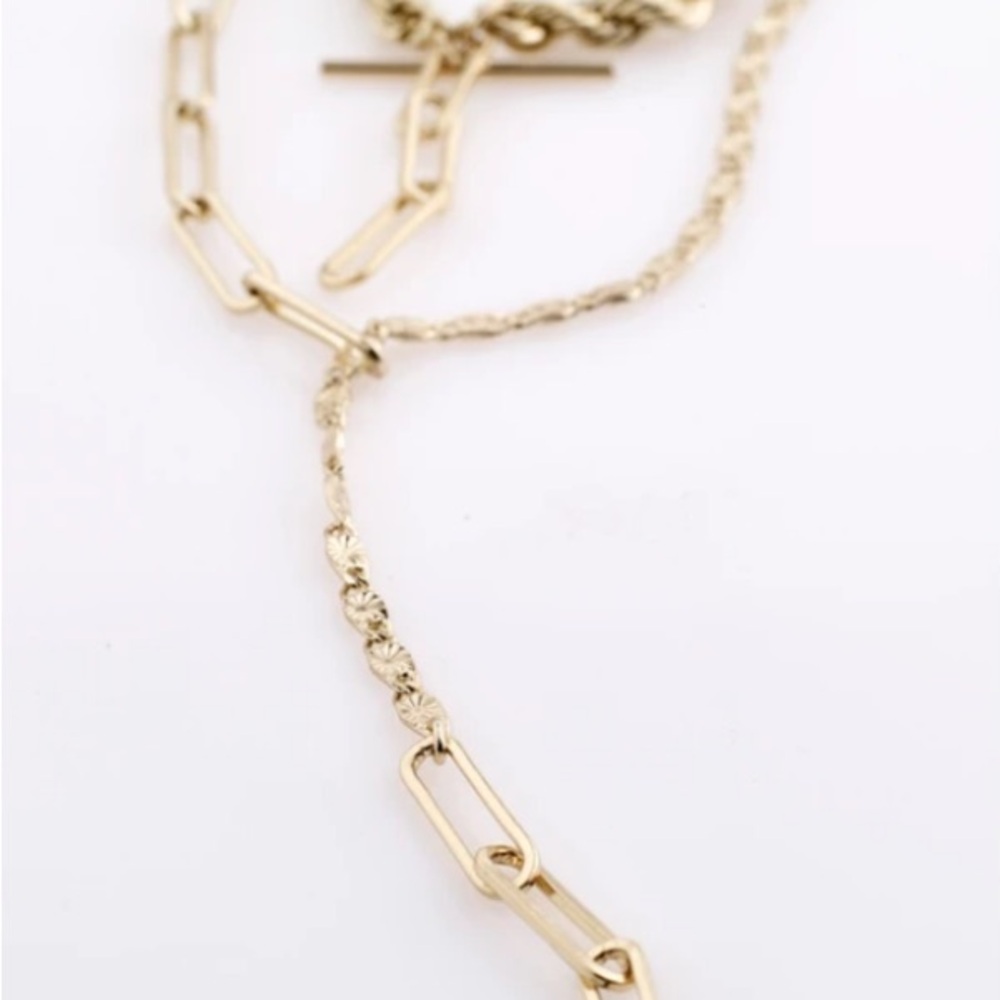 Pilgrim Gold Layered Necklaces one rope, one paper clip mixed necklace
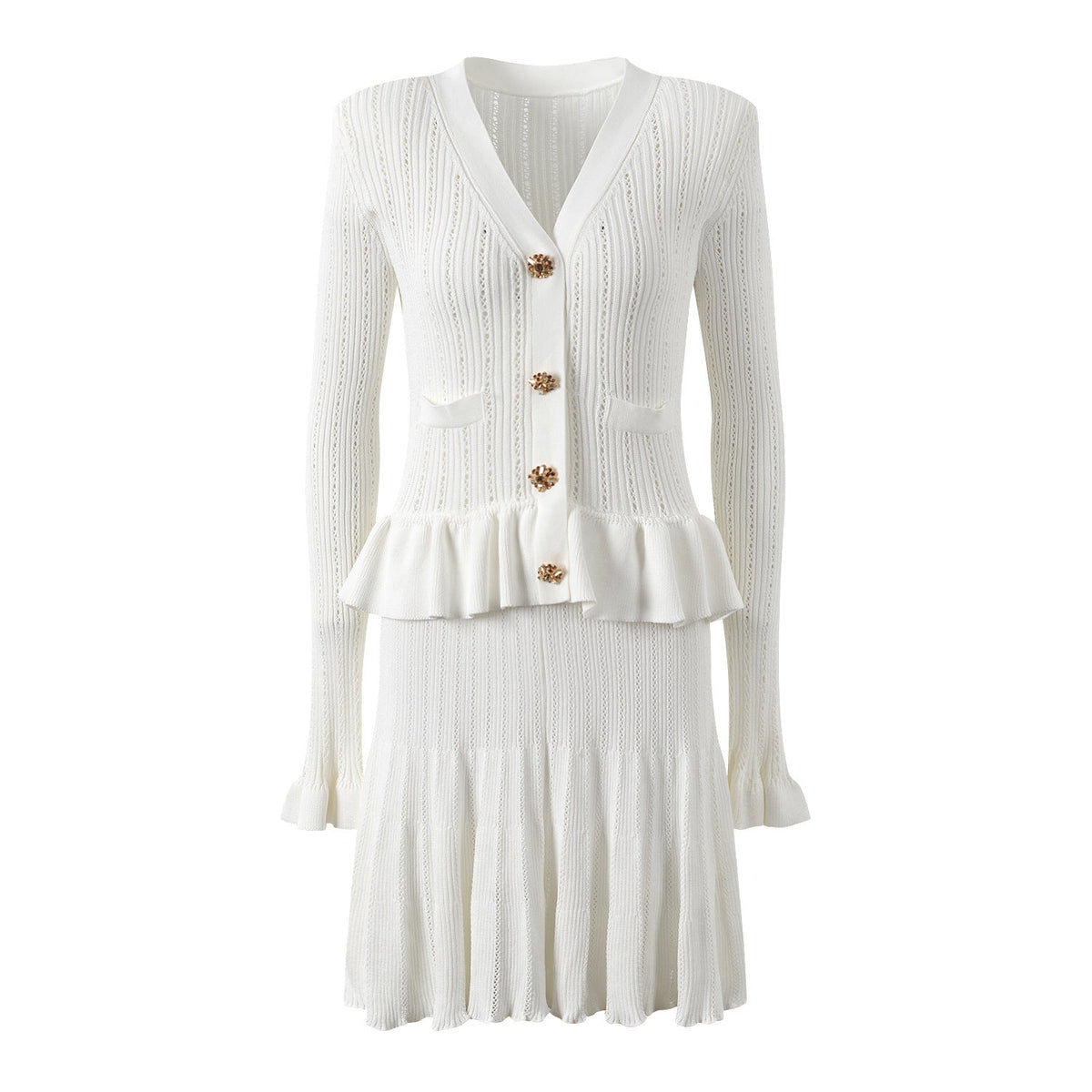 Ruffle Edge Patchwork Long Sleeved Dress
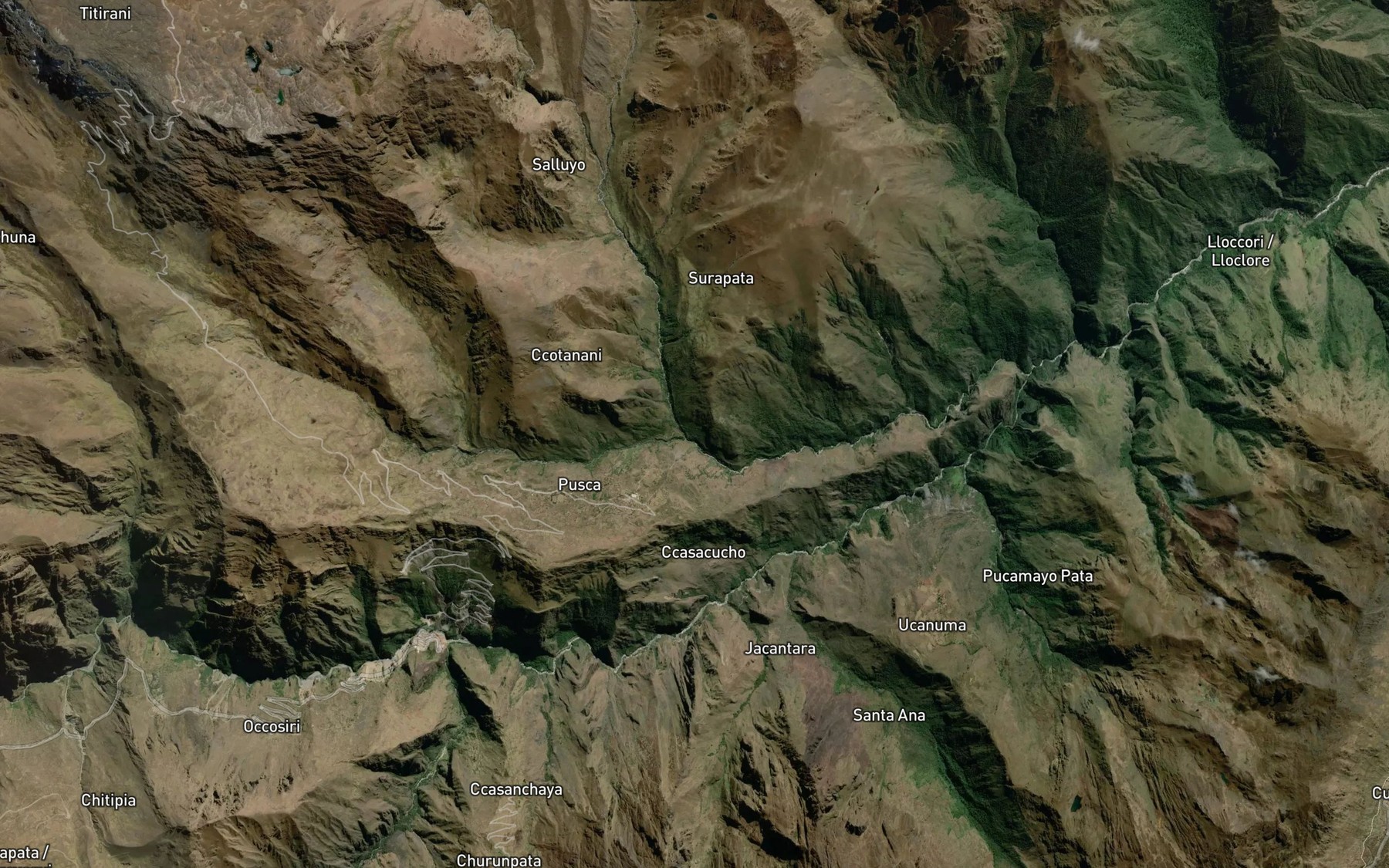 Satellite map of the Quebrada Huamansaya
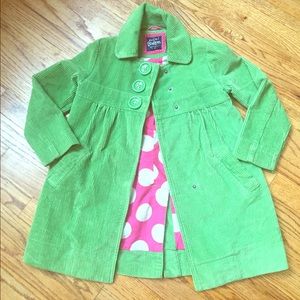 VGUC Mini Boden lime green cord coat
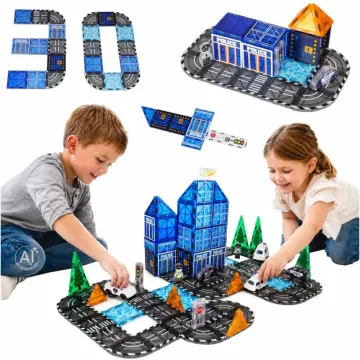 Magnetinis konstruktorius 3D Policija su automobiliais, 91 el.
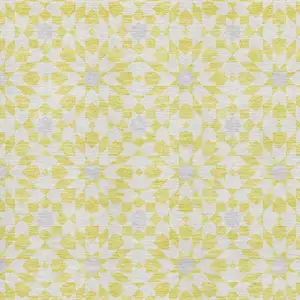 Photo of Yellow Ivory And Gray Geometric Washable Area Rug With UV Protection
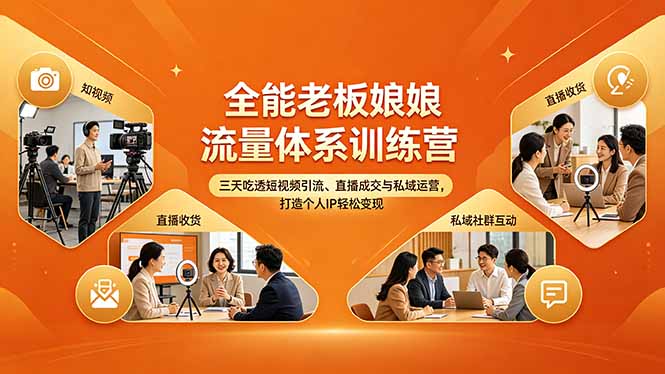 全能老板娘流量体系训练营，三天吃透短视频引流、直播成交与私域运营，打造个人IP轻松变现-源创文化-逐光轻创终点站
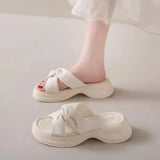 Women Slippers Summer Shallow Med Slides Platform Fashion Butterfly-Knot Shale Female Beach Soft Luxury Sabot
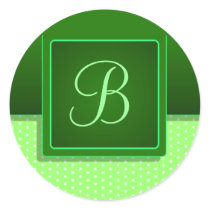 Tabbed Initial Envelope Seal Round Sticker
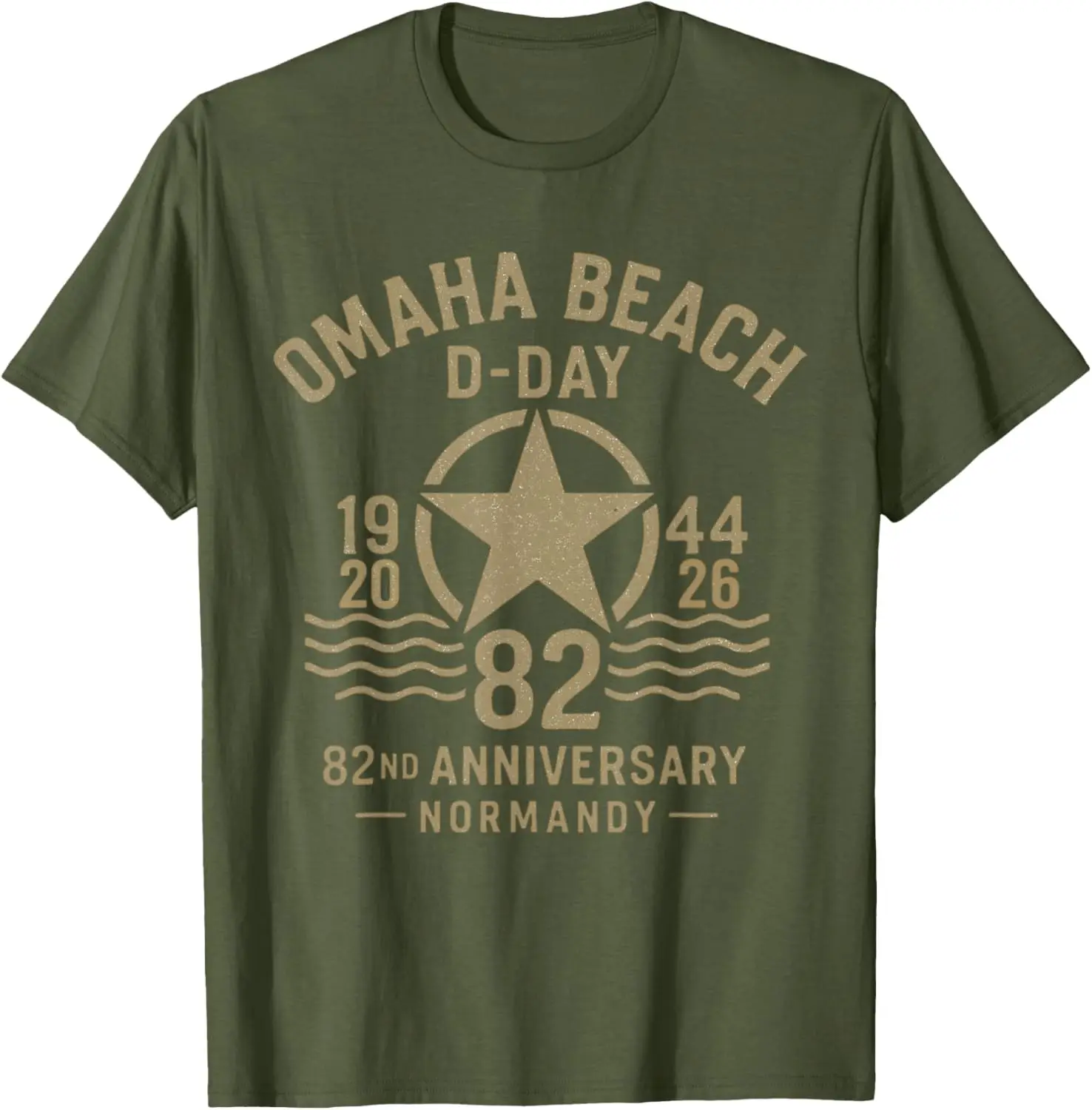 D-Day 82nd Anniversary 2026 Normandy D-Day Omaha Beach 1944 T-Shirt Men's Cotton T-shirts Summer Short Sleeve Streetwear view 4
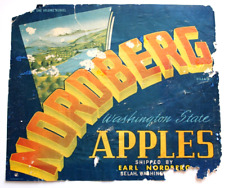 Original rare NORDBERG apple crate label Earl Nordberg Selah WA soaker Yakima picture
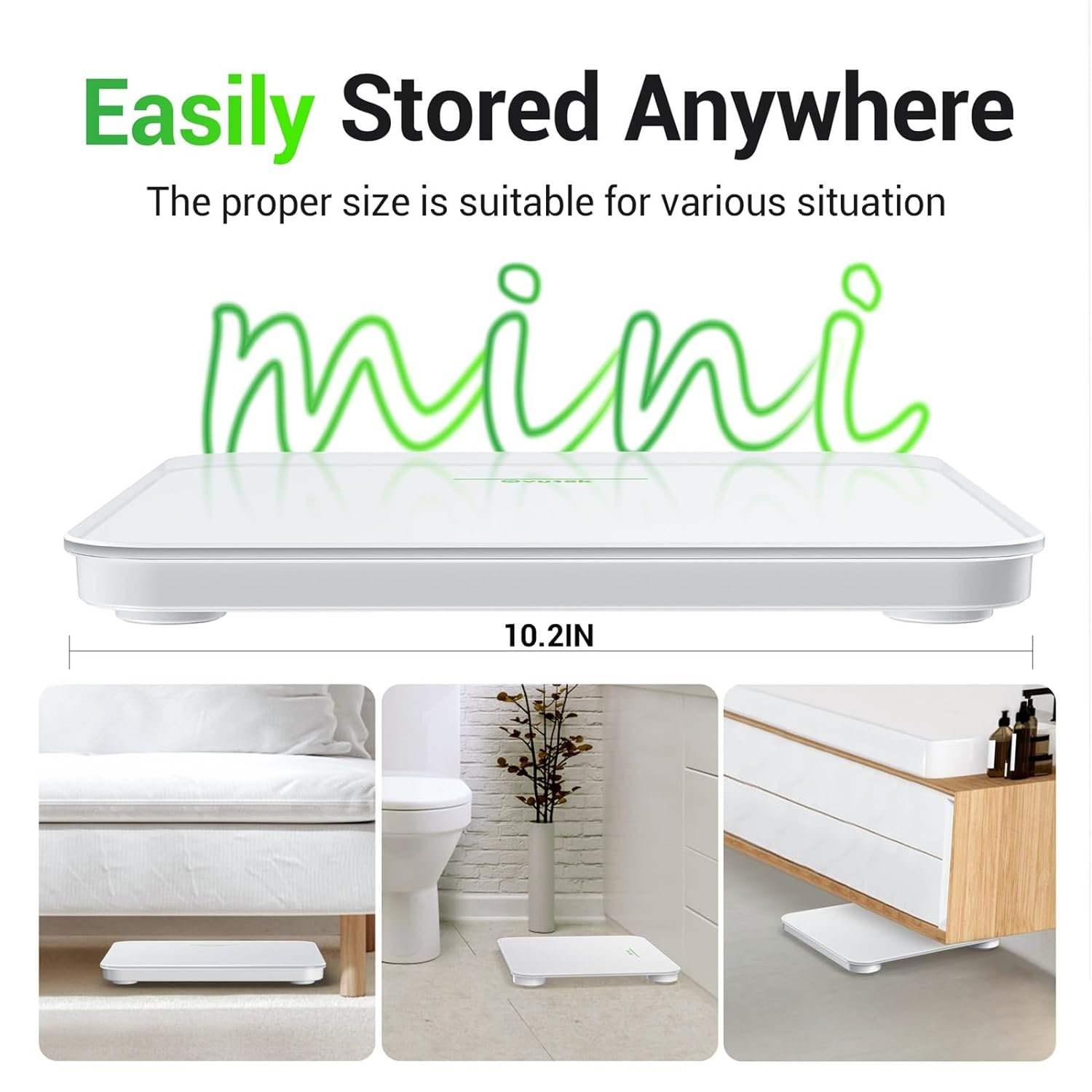 Ovutek Bathroom Scale for Body Weight, Highly Accurate Digital Weighing Machine for People, Upgraded Batteries Included, Compact Size, LED Display, High Standards Sturdy Tempered Glass, 400Lb, White image number 6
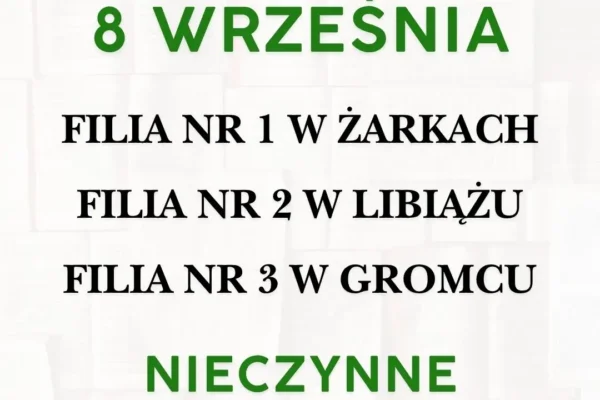8 września wszystkie filie biblioteki w Libiążu będą nieczynne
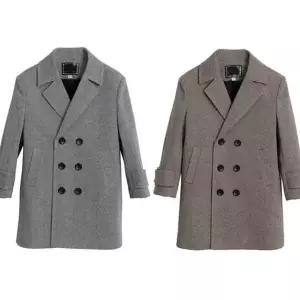 하프 트렌치 코트 더블 남성 트렌치 코트 겨울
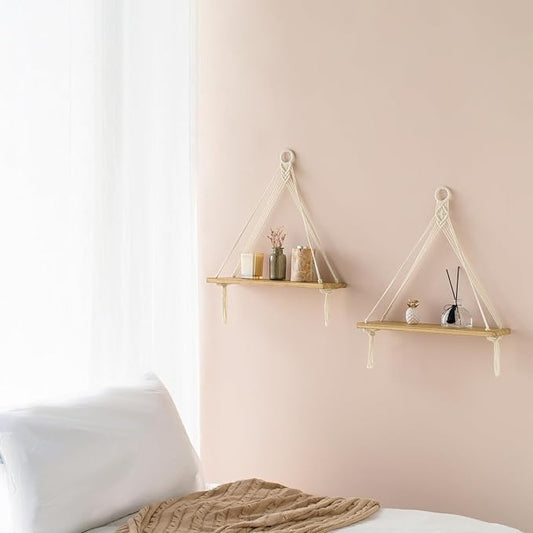 Dahey Macrame Hanging Shelf Boho Wall Decor Bedroom 2 Packs Rustic Wood Floating Shelves for Room Nursery Bathroom Living Room College Dorm Storage for Hanging Plants Photos, White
^^^^
> EXERCISE AIM
Retype each entry exactly. No pictures.

> RESULT BELOW
 Pilgrim Gold Layered Necklaces one rope, one paper clip mixed necklace
 Ruffle Edge Patchwork Long Sleeved Dress
 Satellite map of the Quebrada Huamansaya
 VGUC Mini Boden lime green cord coat
 Magnetinis konstruktorius 3D Policija su automobiliais, 91 el.
 Photo of Yellow Ivory And Gray Geometric Washable Area Rug With UV Protection
 全能老板娘流量体系训练营，三天吃透短视频引流、直播成交与私域运营，打造个人IP轻松变现-源创文化-逐光轻创终点站
 Women Slippers Summer Shallow Med Slides Platform Fashion Butterfly-Knot Shale Female Beach Soft Luxury Sabot
 Tabbed Initial Envelope Seal Round Sticker
 D-Day 82nd Anniversary 2026 Normandy D-Day Omaha Beach 1944 T-Shirt Men's Cotton T-shirts Summer Short Sleeve Streetwear view 4
 Original rare NORDBERG apple crate label Earl Nordberg Selah WA soaker Yakima picture
 Ovutek Bathroom Scale for Body Weight, Highly Accurate Digital Weighing Machine for People, Upgraded Batteries Included, Compact Size, LED Display, High Standards Sturdy Tempered Glass, 400Lb, White image number 6
8 września wszystkie filie biblioteki w Libiążu będą nieczynne
 하프 트렌치 코트 더블 남성 트렌치 코트 겨울
 Dahey Macrame Hanging Shelf Boho Wall Decor Bedroom 2 Packs Rustic Wood Floating Shelves for Room Nursery Bathroom Living Room College Dorm Storage for Hanging Plants Photos, White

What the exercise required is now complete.